Unique sensor identifier, specified as a positive integer. In a multisensor system, the sensor identifier distinguishes between sensors. When you add a new sensor block to your model, the Sensor identifier of that block is N + 1. N is the highest Sensor identifier value among existing sensor blocks in the model.

Example: 2

Name of the parent to which the sensor is mounted, specified as Scene Origin or as the name of a vehicle in your model. The vehicle names that you can select correspond to the Name parameters of the Simulation 3D Vehicle with Ground Following blocks in your model. If you select Scene Origin, the block places a sensor at the scene origin.

Example: SimulinkVehicle1

Sensor mounting location.

  • When Parent name is Scene Origin, the block mounts the sensor to the origin of the scene. You can set the Mounting location to Origin only. During simulation, the sensor remains stationary.

  • When Parent name is the name of a vehicle (for example, SimulinkVehicle1) the block mounts the sensor to one of the predefined mounting locations described in the table. During simulation, the sensor travels with the vehicle.

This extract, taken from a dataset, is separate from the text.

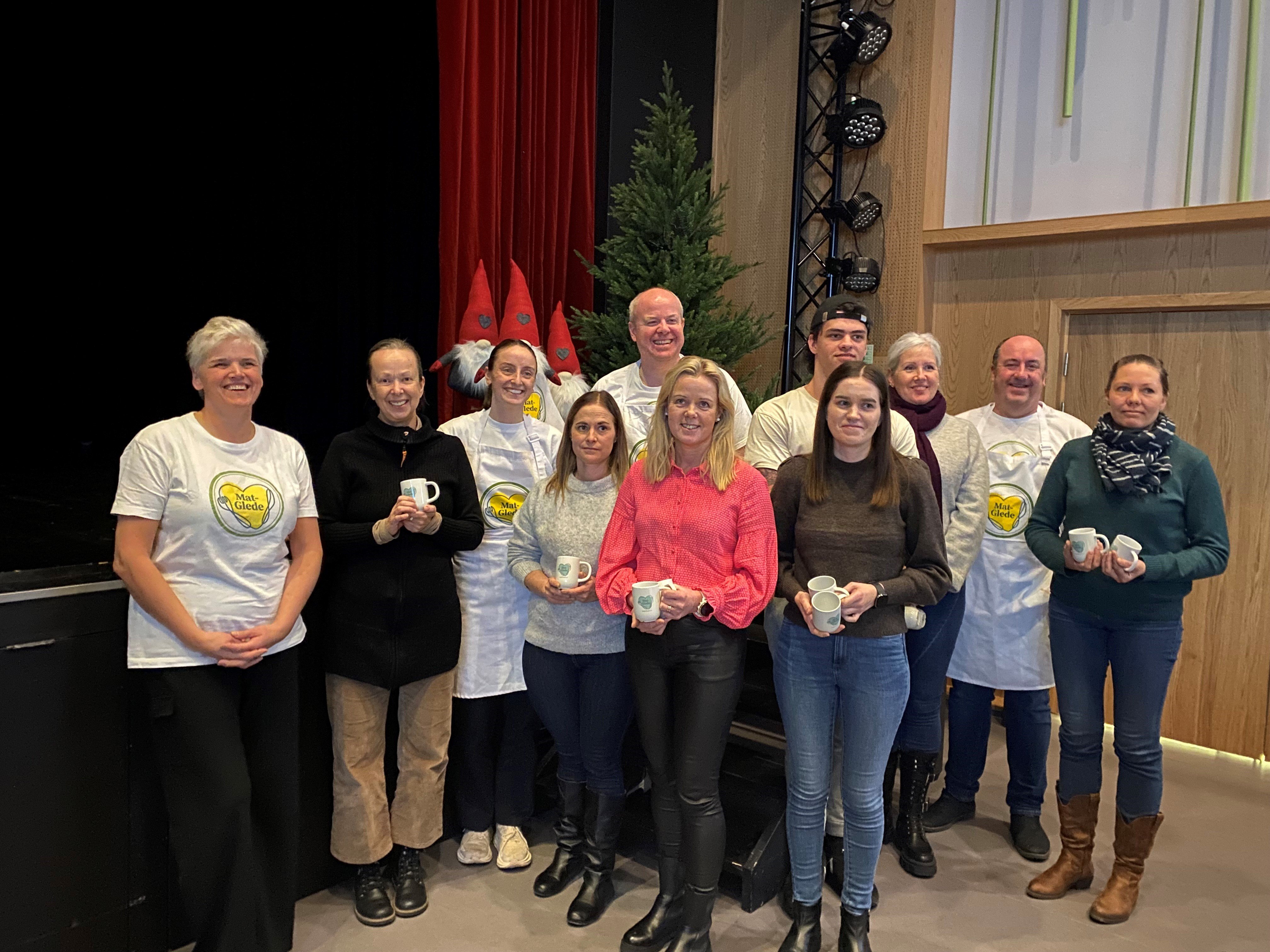 Bilete av epresentant frå kvar av kommunane som deltok på Matglede arbeidsseminar på Larsnes. I tillegg til Matgledekorpset. Desse kommunane deltok: Sande kommune (vertskap), Volda, Herøy, Ulsteinvik, Vanylven og Ørsta kommune.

Vehicle Mounting LocationDescriptionOrientation Relative to Vehicle Origin [Roll, Pitch, Yaw] (deg)
Origin

Forward-facing sensor mounted to the vehicle origin, which is on the ground, at the geometric center of the vehicle (see Coordinate Systems for Unreal Engine Simulation in Automated Driving Toolbox)

[0, 0, 0]
Front bumper

Forward-facing sensor mounted to the front bumper

[0, 0, 0]
Rear bumper

Backward-facing sensor mounted to the rear bumper

[0, 0, 180]
Right mirror

Downward-facing sensor mounted to the right side-view mirror

[0, –90, 0]
Left mirror

Downward-facing sensor mounted to the left side-view mirror

[0, –90, 0]
Rearview mirror

Forward-facing sensor mounted to the rearview mirror, inside the vehicle

[0, 0, 0]
Hood center

Forward-facing sensor mounted to the center of the hood

[0, 0, 0]
Roof center

Forward-facing sensor mounted to the center of the roof

[0, 0, 0]

Roll, pitch, and yaw are clockwise-positive when looking in the positive direction of the X-axis, Y-axis, and Z-axis, respectively. When looking at a vehicle from the top down, the yaw angle (that is, the orientation angle) is counterclockwise-positive, because you are looking in the negative direction of the axis.

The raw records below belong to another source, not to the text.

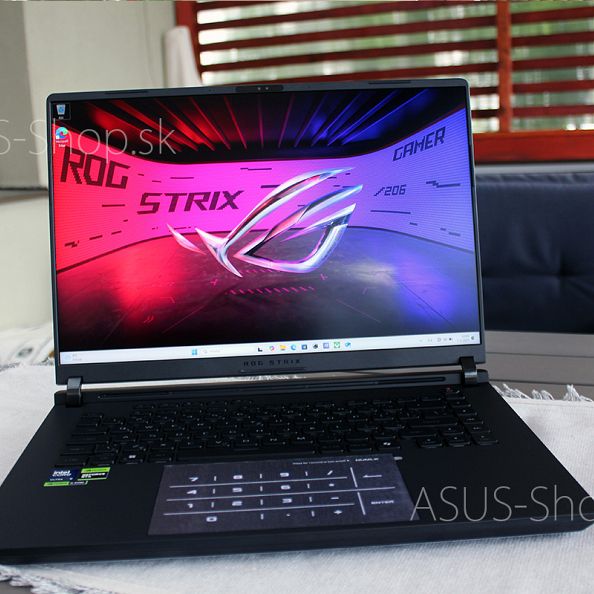 ASUS ROG Strix SCAR 18 G835LX 2.5K Ultra 9-275HX RTX5090/24G 32GB 2TB SSD W11Pro čierny 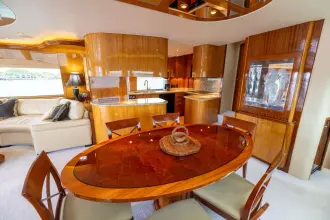 Thumbnail von Hatteras 80 Enclosed Bridge Skylounge Outrageous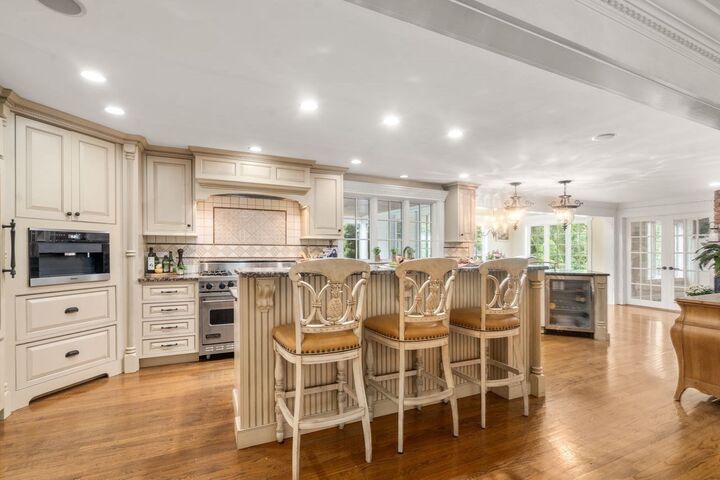Property Photo:  674 South Street  MA 01545 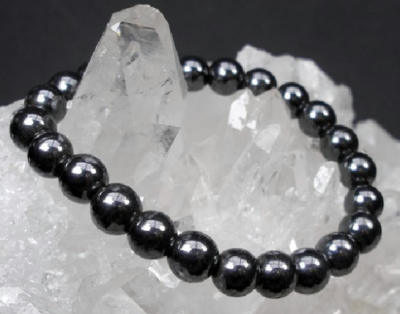 Pulseira de contas pretas brilhantes sobre cristais transparentes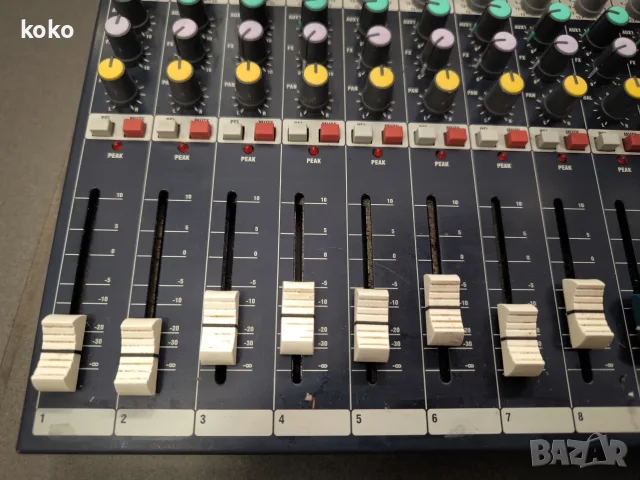 Soundcraft професионален миксер пулт , снимка 2 - Ресийвъри, усилватели, смесителни пултове - 55972622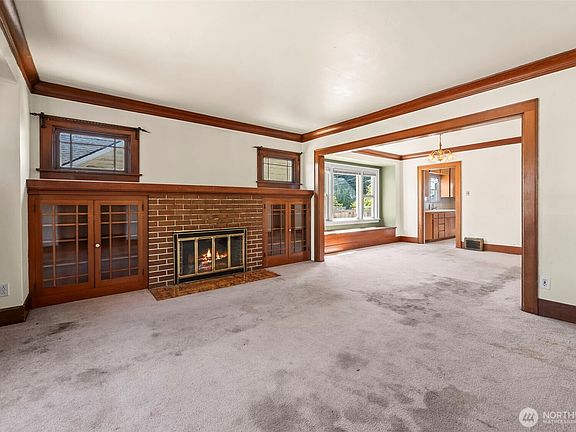 3rd image of 1212 S Grant Avenue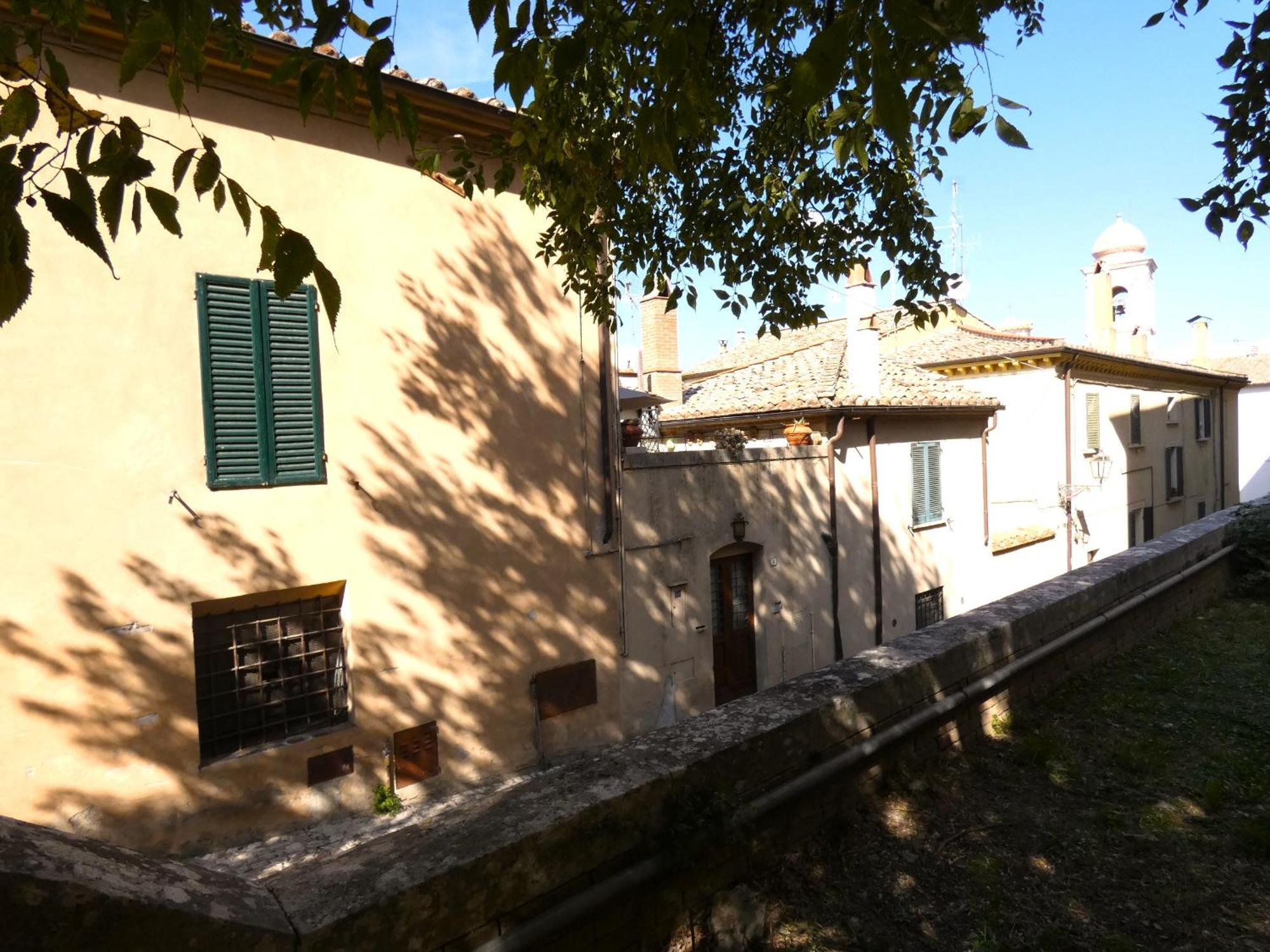 דירות אמליה Scappo In Umbria, La Casa Del Duomo מראה חיצוני תמונה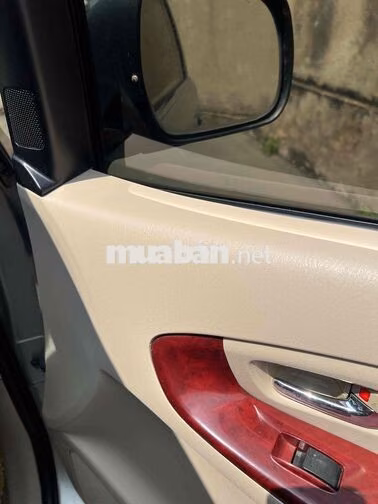 Toyota Innova 2006 Bạc 8 chỗ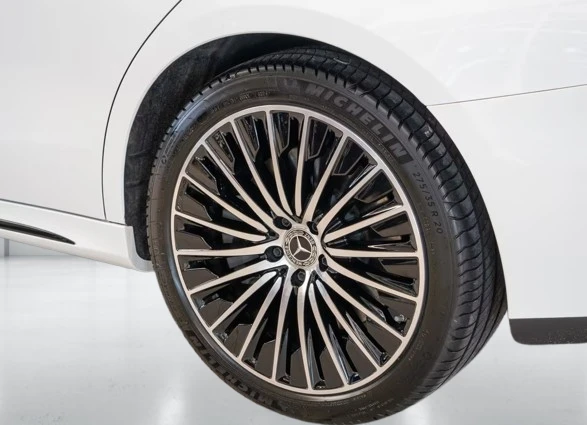 Mercedes-Benz E 300 de = AMG Line = Гаранция, снимка 3 - Автомобили и джипове - 54215677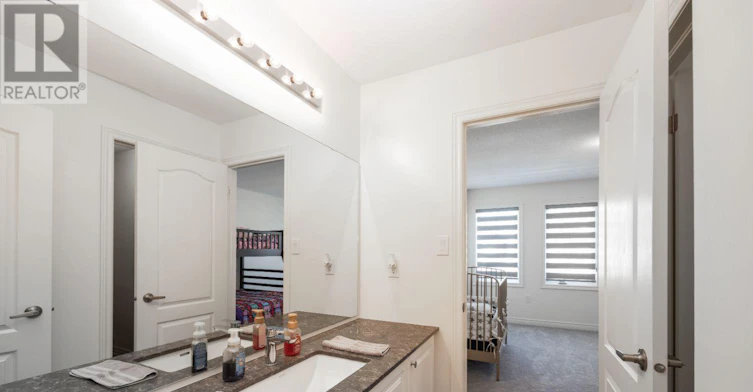 UPPER-131 Courtney Street, Clarington, ON, L1C 0B9 - 19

The (X, Y, Z) mounting location of the sensor relative to the vehicle depends on the vehicle type. To specify the vehicle type, use the Type parameter of the Simulation 3D Vehicle with Ground Following block to which you are mounting the sensor. To obtain the (X, Y, Z) mounting locations for a vehicle type, see the reference page for that vehicle.

To determine the location of the sensor in world coordinates, open the sensor block. Then, on the Ground Truth tab, select Output location (m) and orientation (rad) and inspect the data from the Location output port.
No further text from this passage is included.